The SIG does not discuss the design of SYCL APIs, just general feedback.
The language SIG is led by Ruyman Reyes Castro <[email protected]>
Archived meeting notes from meetings held under the oneAPI Community Forum can be found here
Attendees:
- Diptorub Deb (Intel)
- Gergana Slavova (Intel)
- Alexey Kukanov (Intel)
- Alison Richards (Intel)
- Andrew Richards (Codeplay)
- Danial Chitnis
- Daniel Keller
- Igor
- Ivan Butygin (Intel)
- Khaled Talucker
- Mehdi Goli (Intel)
- Oleksandr Pavlyk
- Robert Cohn (Intel)
- Rod Burns (Codeplay)
- Sergey Maydanov
- Victor Lomuller (Intel)
Notes:
Presentation on Intel extensions for Numba to support accelerators (xPU)
Includes extensions to support algorithms executing on the GPU
Also a direct kernel programing model (akin to SYCL on python)
Enables python-array interface to accelerate device
DPCTL is a set of bindingsa to expose SYCL interfaces to python
Only minimal subset
Python developers dont want to use the cython interfaces they are difficult
Python developers want to write python code
You can list platforms and select devices
Supports dpctl backend (but using custom build)
Q: How is the memory allocation happening? is it per call?
A: Memory is allocated (using USM) on the convert functions.

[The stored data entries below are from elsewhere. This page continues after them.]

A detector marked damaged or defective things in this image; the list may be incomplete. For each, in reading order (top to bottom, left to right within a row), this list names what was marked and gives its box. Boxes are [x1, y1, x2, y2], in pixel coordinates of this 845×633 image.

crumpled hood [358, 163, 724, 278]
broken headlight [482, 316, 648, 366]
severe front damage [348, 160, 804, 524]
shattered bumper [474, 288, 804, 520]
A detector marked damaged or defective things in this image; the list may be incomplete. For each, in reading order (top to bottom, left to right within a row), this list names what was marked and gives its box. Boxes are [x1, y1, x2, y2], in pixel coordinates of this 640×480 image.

Explicit copies.
numba-dpex is a JIT compiler for a SYCL-like kernel programming API
extends the existing structure
Performance-wise, still numpy-dpex is not on par with dpcpp
Everything is Open source, and works on all Intel GPUs
Expected a Production grade kernel API on upcoming releases
Available on conda and pip, easily to use for python community
Q: Any support for multiple gpus?
A: No, exploring how that would work
Q: Do we have performance comparisons for NVIDIA platforms?

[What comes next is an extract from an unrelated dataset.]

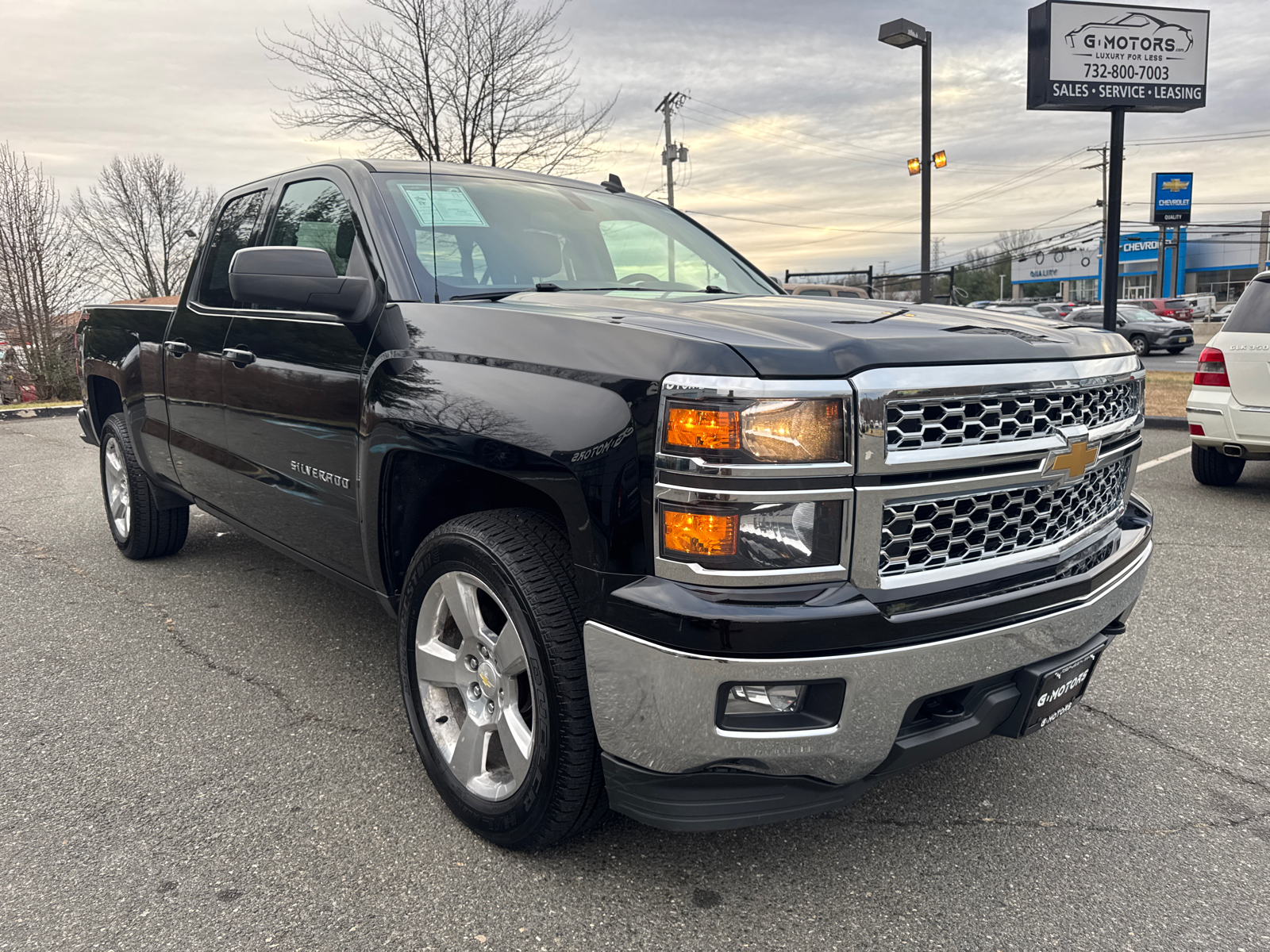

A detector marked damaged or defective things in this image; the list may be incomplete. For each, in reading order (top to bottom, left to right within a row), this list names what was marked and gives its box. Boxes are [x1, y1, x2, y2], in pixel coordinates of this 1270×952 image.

cracked pavement [2, 421, 1270, 949]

A: Numba.cuda exists but no SYCL on cuda support out of the box
No comparisons so far between the two backends
Slides <presentation/2023-09-19-EC-sycl-graph.pdf> Demo video <presentation/2023-09-19-EC-sycl-graph-demo.mp4>
- SYCL Graph extension has been ongoing for a year
- Started as two separate implementations from Codeplay and Intel
- Merged onto one after intense collaboration
- Link to document and status
- There is a new command graph object that can be on two states
- The state goes from modifable to complete
- Presents a Saxpy example init and compute nodes
- you can record and reply a queue as they execute
- you can also use an explicit API
- Presented in IWOCL
- Since then evolving, discovered an issue with buffer lifetime
- New property that forces uses to accept buffer - not ideal
- Extend buffer lifetimes (not implemented)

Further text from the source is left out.